Dangers of Amateur Gene Editing?
But what if they don’t? Fears prevail that kits like these could be used for more nefarious purposes than making E. coli resistant to streptomycin or that inexperienced users could even hurt themselves. The Nuffield Council on Bioethics in the UK recently published a report called Genome Editing: An Ethical Review that touched on genome editing as a hobby for non-scientists.
“The comparatively low cost and ease of use of the CRISPR-Cas9 system has made it feasible for a greater range of users, beyond those who would ordinarily make use of the techniques of molecular biology,” the paper stated. These include “‘DIY’ or ‘garage’ biologists, ‘biohackers,’ and enthusiastic amateurs who are either interested in learning about or experiencing microbiological techniques, carrying out informal research, or making biological products.”

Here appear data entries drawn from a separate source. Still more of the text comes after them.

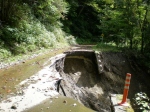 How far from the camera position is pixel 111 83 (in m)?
13.0

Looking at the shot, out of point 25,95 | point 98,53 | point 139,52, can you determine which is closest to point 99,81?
point 98,53

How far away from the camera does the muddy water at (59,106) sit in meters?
4.89

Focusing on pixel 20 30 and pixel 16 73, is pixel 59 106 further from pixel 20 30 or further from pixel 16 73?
pixel 20 30

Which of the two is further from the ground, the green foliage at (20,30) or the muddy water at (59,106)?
the green foliage at (20,30)

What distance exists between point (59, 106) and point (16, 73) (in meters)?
3.35

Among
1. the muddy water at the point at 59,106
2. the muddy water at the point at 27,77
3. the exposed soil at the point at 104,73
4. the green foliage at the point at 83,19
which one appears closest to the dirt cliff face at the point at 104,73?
the exposed soil at the point at 104,73

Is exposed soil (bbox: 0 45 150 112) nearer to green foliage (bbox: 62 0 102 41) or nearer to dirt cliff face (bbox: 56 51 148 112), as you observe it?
dirt cliff face (bbox: 56 51 148 112)

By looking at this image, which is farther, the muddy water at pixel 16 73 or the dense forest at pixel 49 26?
the dense forest at pixel 49 26

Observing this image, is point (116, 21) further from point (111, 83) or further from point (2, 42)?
point (2, 42)

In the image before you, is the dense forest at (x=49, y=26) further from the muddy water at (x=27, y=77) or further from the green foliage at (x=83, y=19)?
the green foliage at (x=83, y=19)

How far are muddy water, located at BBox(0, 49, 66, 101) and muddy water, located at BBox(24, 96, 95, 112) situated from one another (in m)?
1.20

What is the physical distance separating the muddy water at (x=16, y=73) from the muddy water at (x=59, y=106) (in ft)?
3.94

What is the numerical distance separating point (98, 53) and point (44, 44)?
3883 millimetres

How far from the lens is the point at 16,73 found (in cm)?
780
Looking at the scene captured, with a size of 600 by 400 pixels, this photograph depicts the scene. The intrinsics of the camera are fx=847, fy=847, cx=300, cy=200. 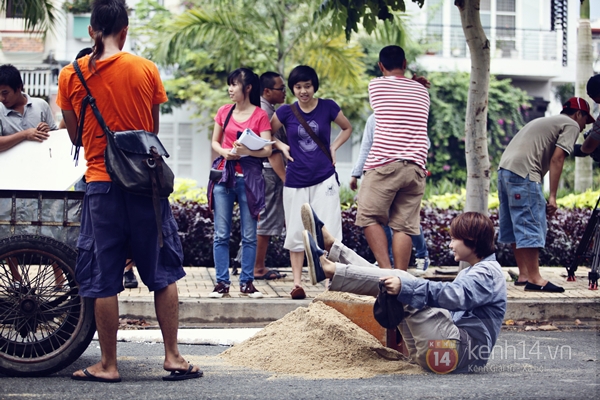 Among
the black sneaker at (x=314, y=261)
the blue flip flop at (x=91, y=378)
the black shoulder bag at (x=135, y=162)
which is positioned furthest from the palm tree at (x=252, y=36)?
the blue flip flop at (x=91, y=378)

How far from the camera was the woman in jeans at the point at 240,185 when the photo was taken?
735 centimetres

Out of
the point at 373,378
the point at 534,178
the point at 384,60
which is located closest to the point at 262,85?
the point at 384,60

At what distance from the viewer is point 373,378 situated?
4.74 meters

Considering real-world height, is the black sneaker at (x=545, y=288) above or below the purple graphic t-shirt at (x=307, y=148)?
A: below

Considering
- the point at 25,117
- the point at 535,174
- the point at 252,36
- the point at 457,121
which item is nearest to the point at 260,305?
the point at 25,117

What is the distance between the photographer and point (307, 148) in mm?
7582

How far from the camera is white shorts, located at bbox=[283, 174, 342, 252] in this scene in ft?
24.6

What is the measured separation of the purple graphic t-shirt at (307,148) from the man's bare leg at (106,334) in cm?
323

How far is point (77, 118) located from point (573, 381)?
3100 millimetres

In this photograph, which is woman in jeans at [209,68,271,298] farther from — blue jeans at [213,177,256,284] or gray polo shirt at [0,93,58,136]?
gray polo shirt at [0,93,58,136]

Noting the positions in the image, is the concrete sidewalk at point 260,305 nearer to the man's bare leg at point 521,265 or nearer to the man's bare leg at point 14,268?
the man's bare leg at point 521,265

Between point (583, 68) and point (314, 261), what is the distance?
12.2 m

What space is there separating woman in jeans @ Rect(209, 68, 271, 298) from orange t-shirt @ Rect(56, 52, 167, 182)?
8.94 ft

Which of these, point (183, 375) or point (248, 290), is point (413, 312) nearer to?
point (183, 375) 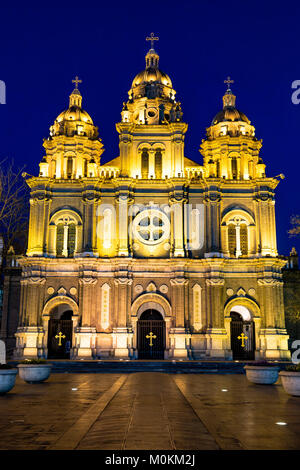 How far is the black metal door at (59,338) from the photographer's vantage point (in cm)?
4112

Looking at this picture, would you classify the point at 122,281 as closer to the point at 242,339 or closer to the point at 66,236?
the point at 66,236

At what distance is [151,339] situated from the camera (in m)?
41.2

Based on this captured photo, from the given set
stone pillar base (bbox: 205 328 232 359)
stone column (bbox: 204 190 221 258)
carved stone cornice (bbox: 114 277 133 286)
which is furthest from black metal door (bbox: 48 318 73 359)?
stone column (bbox: 204 190 221 258)

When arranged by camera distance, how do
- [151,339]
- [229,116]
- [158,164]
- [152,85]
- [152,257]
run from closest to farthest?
1. [151,339]
2. [152,257]
3. [158,164]
4. [229,116]
5. [152,85]

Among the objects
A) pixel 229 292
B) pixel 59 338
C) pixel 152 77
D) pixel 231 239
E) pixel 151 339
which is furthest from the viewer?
pixel 152 77

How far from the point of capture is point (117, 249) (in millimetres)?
41875

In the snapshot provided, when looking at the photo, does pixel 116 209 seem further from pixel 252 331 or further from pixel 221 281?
pixel 252 331

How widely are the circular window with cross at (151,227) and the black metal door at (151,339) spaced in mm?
6794

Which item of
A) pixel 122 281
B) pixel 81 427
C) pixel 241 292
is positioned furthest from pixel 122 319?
pixel 81 427

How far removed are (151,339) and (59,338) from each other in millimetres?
7584

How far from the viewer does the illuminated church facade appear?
4034 centimetres

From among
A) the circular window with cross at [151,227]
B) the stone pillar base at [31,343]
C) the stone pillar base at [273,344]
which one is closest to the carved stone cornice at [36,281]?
the stone pillar base at [31,343]

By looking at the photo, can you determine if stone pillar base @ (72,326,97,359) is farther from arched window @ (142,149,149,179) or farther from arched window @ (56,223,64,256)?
arched window @ (142,149,149,179)

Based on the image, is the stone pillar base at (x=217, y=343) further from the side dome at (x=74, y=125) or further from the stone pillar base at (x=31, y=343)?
the side dome at (x=74, y=125) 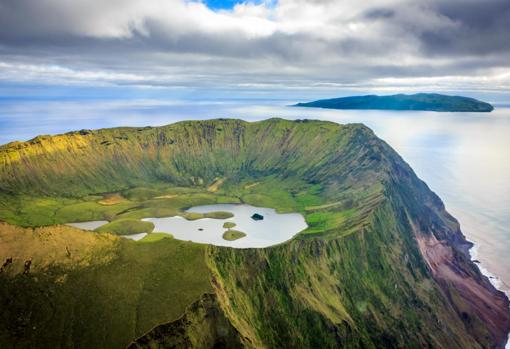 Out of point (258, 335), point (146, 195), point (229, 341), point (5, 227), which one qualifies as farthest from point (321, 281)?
point (146, 195)

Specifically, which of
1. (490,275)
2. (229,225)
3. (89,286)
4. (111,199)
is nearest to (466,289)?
(490,275)

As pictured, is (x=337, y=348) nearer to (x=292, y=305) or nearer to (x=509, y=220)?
(x=292, y=305)

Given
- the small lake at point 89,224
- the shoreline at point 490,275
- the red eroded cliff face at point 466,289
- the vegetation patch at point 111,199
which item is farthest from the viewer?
the vegetation patch at point 111,199

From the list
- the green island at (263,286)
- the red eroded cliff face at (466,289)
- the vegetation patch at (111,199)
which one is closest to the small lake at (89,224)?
the green island at (263,286)

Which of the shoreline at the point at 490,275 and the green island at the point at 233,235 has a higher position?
the green island at the point at 233,235

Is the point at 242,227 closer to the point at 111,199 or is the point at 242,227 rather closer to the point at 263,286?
the point at 263,286

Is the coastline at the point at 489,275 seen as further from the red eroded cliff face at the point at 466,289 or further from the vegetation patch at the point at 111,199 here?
the vegetation patch at the point at 111,199

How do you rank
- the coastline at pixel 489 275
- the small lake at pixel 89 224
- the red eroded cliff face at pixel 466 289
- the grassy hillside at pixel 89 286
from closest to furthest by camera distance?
the grassy hillside at pixel 89 286, the red eroded cliff face at pixel 466 289, the coastline at pixel 489 275, the small lake at pixel 89 224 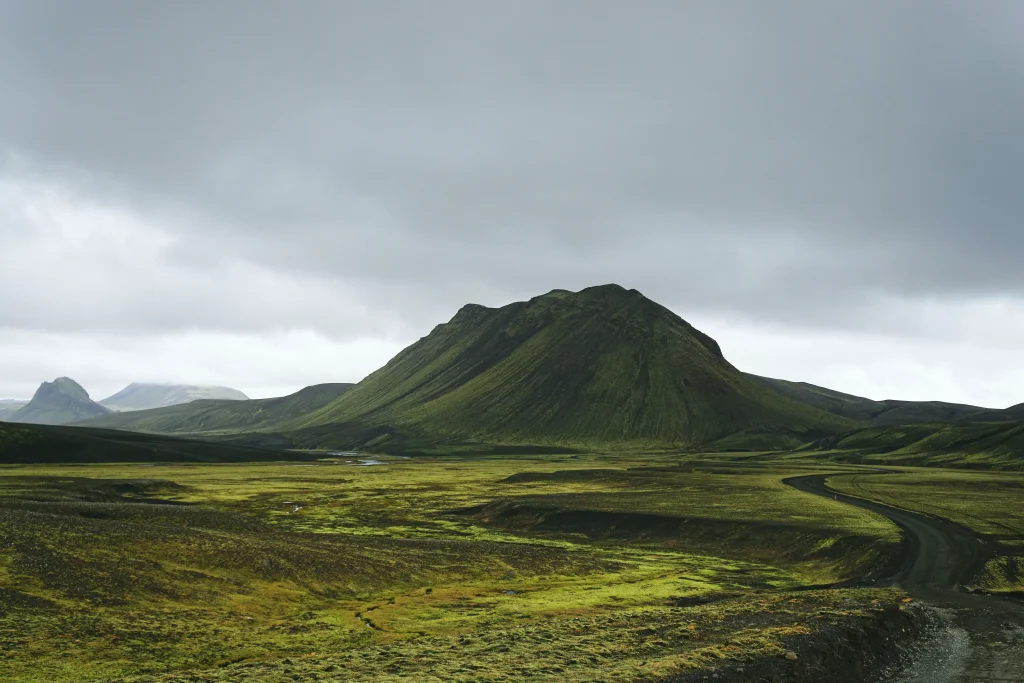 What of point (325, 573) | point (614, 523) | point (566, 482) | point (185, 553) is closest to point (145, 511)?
point (185, 553)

Peter Mills, Assistant Director of the Council, said of amateur use of CRISPR-Cas9, “There’s a kind of inevitability about it. Whether or not it’s a good thing depends really on how those kits get used and what the consequences, both intended and unintended, of their use might be. They may be doing valuable research in the way that Victorian polymaths did research, but I think the likelihood of that is very small, and the risk that they would get something that is less benign and less beneficial is comparatively high.”
Laboratory standards in professional labs serve a serious purpose: in part, they help minimize risk, while also making it more likely that the experiment will be effective. Mills said working in a community lab space with a clear code of ethics and a trained scientist mentor is preferable to (and safer than) home practitioners working solo.
But Zayner believes the concrete benefits of the kit outweigh any possible risk. A person might be able to do other, more complicated experiments with the kit, but such experiments require in-depth knowledge of molecular biology. In addition, the bacteria are non-pathogenic, so “there really is no need for regulation regarding these organisms, because the possibility of their causing harm in any way is just kind of absurd or ridiculous,” he said. “There’s this fear because it’s new technology, and people imagine what might happen with it. If there’s anybody who people should be afraid of using genetic engineering, it’s probably not biohackers or terrorists, it’s the government. They’re the ones who have these labs necessary to do it.”
We, the Biohackers
Zayner and other biohackers believe democratizing science is the bigger goal. “There’s this big block between what scientists have access to and what the public has access to, even though the majority of science is publicly funded, or funded by the government,” said Zayner. “The general public doesn’t have access to any of the protocols, techniques, materials that scientists who are paid by the government, who are paid by university students, have access to.”
The father and son team, for one, are hooked: for their next project, they hope to buy another ODIN kit and use their newfound microbiology skills to turn yeast fluorescent green--all in their basement.